• **Brief**: Restate the data word for word and leave the images out.

• **Given information**:

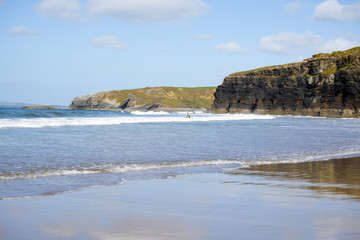 kayaker breaking waves at ballybunion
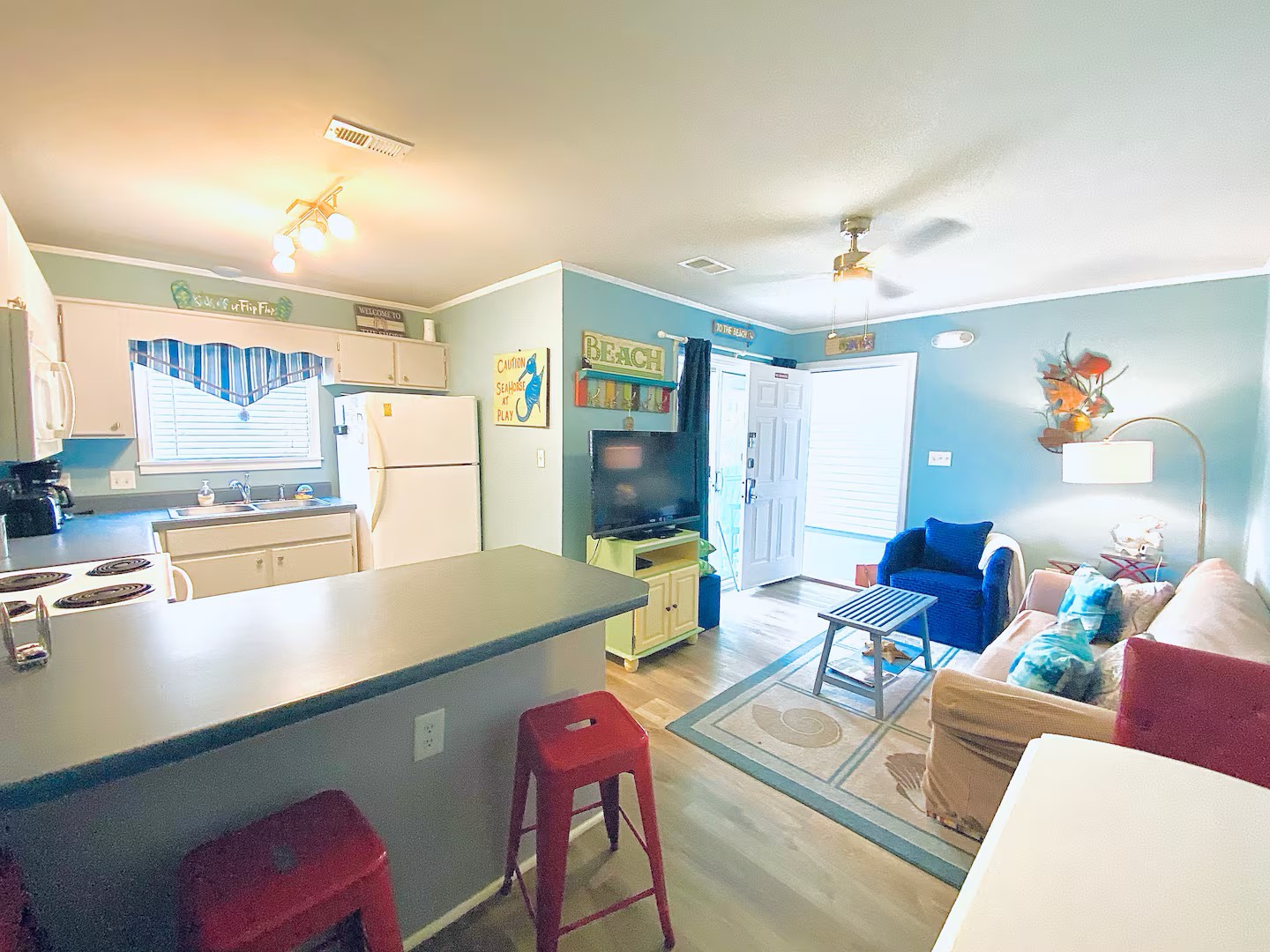 Open concept living area and full kitchen with breakfast bar and dining table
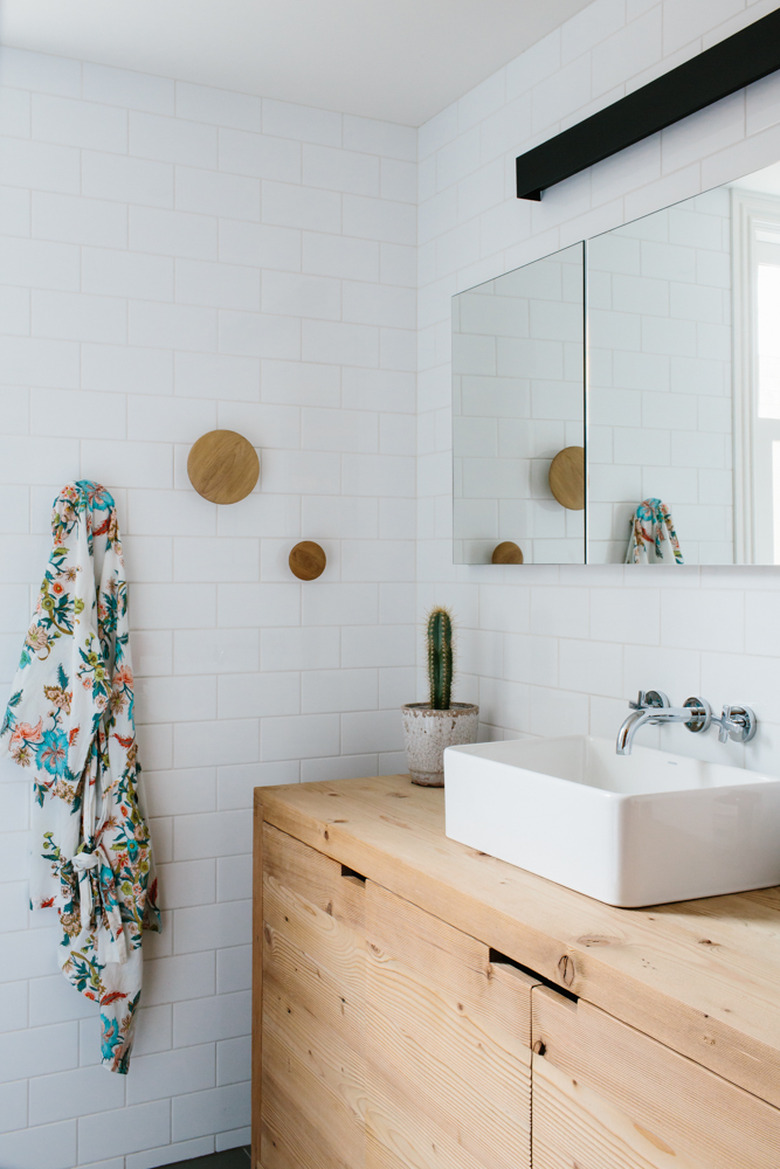 wood vanity cabinet with vessel sink and white subway tile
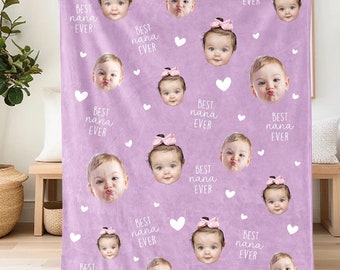 May include: A purple fleece blanket with a repeating pattern of white hearts and the text "BEST nana EVER". The blanket features multiple photos of babies with bows in their hair.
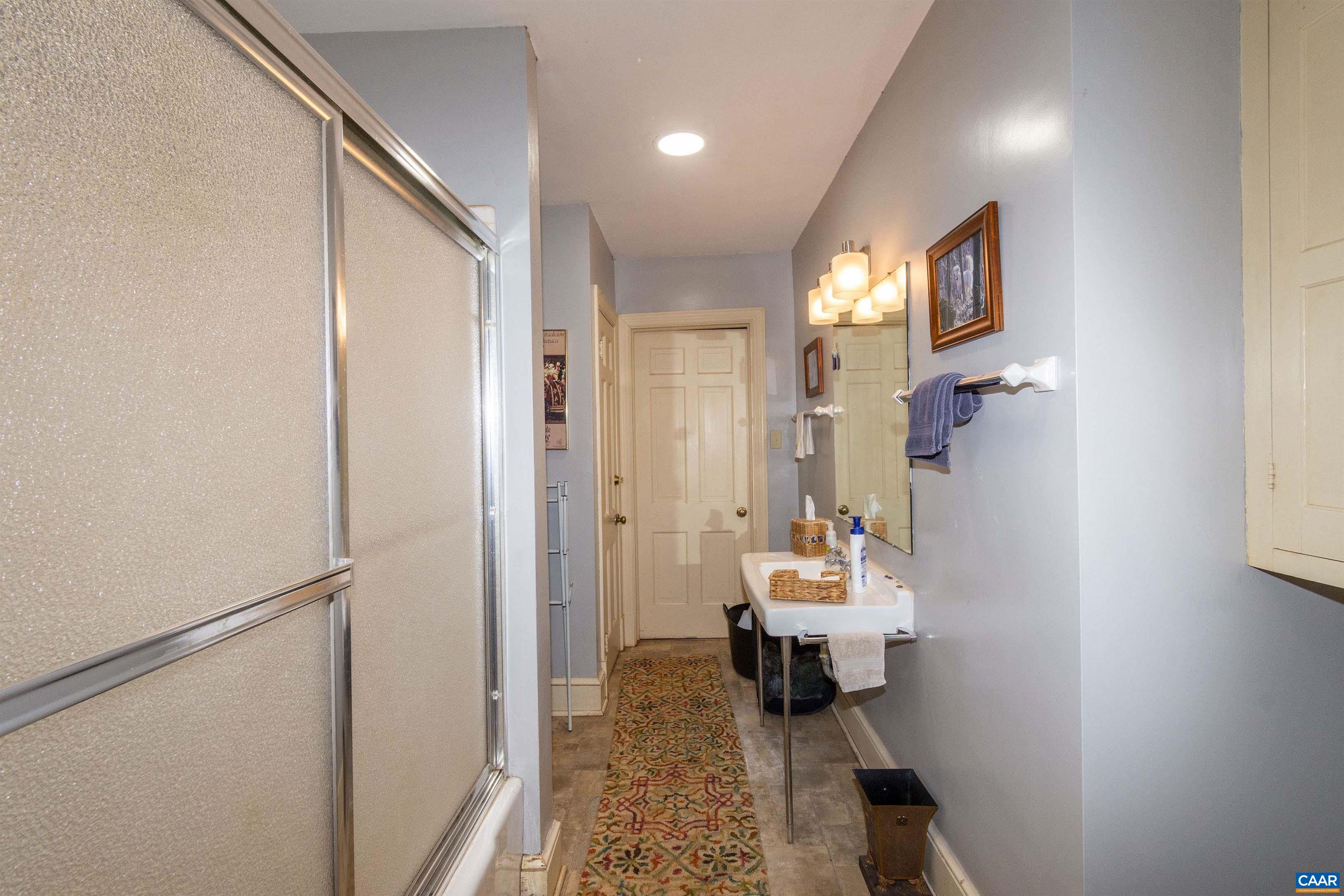 358 East Main Street Orange, VA 22960 - Photo 47 of 56 a bathroom with a sink toilet and shower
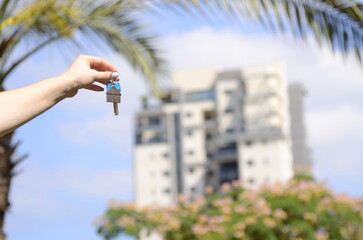 Close-up hand holding a key on the background of a beautiful high-rise building. Concept: buying an apartment, renting a house, real estate loan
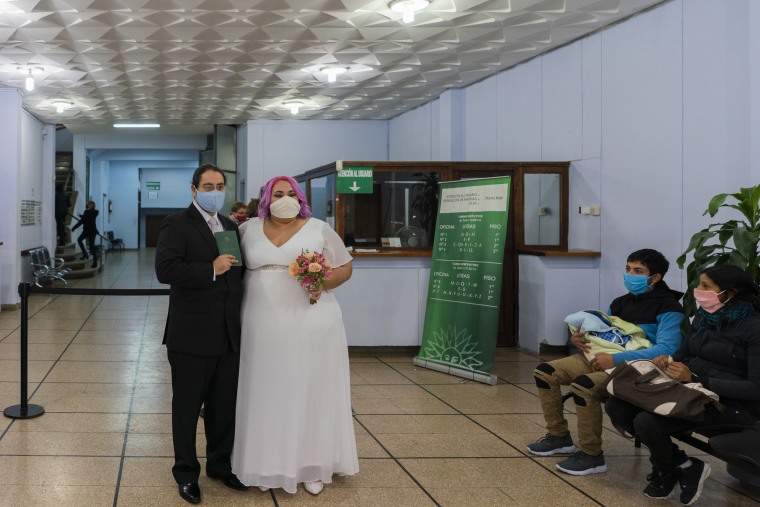 Newlyweds Mauricio Musso and Natalia Perera pose for a photo after they were married at the civil registry office, amid the pandemic, in downtown Montevideo, Uruguay, Friday, May 15, 2020.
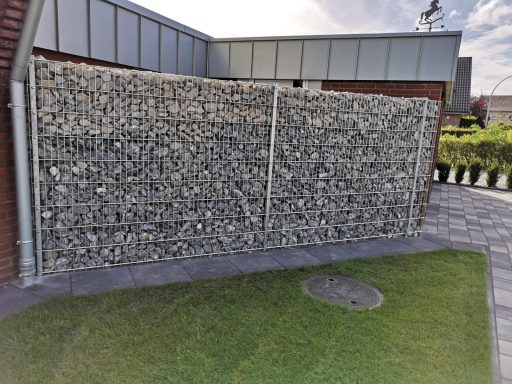 Große Gabionenwand als Grundstücksabgrenzung mit Pflasterweg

• **Response area**:
 kayaker breaking waves at ballybunion
 Open concept living area and full kitchen with breakfast bar and dining table
 wood vanity cabinet with vessel sink and white subway tile
 May include: A purple fleece blanket with a repeating pattern of white hearts and the text "BEST nana EVER". The blanket features multiple photos of babies with bows in their hair.
 358 East Main Street Orange, VA 22960 - Photo 47 of 56 a bathroom with a sink toilet and shower
 Close-up hand holding a key on the background of a beautiful high-rise building. Concept: buying an apartment, renting a house, real estate loan
 Newlyweds Mauricio Musso and Natalia Perera pose for a photo after they were married at the civil registry office, amid the pandemic, in downtown Montevideo, Uruguay, Friday, May 15, 2020.
 Große Gabionenwand als Grundstücksabgrenzung mit Pflasterweg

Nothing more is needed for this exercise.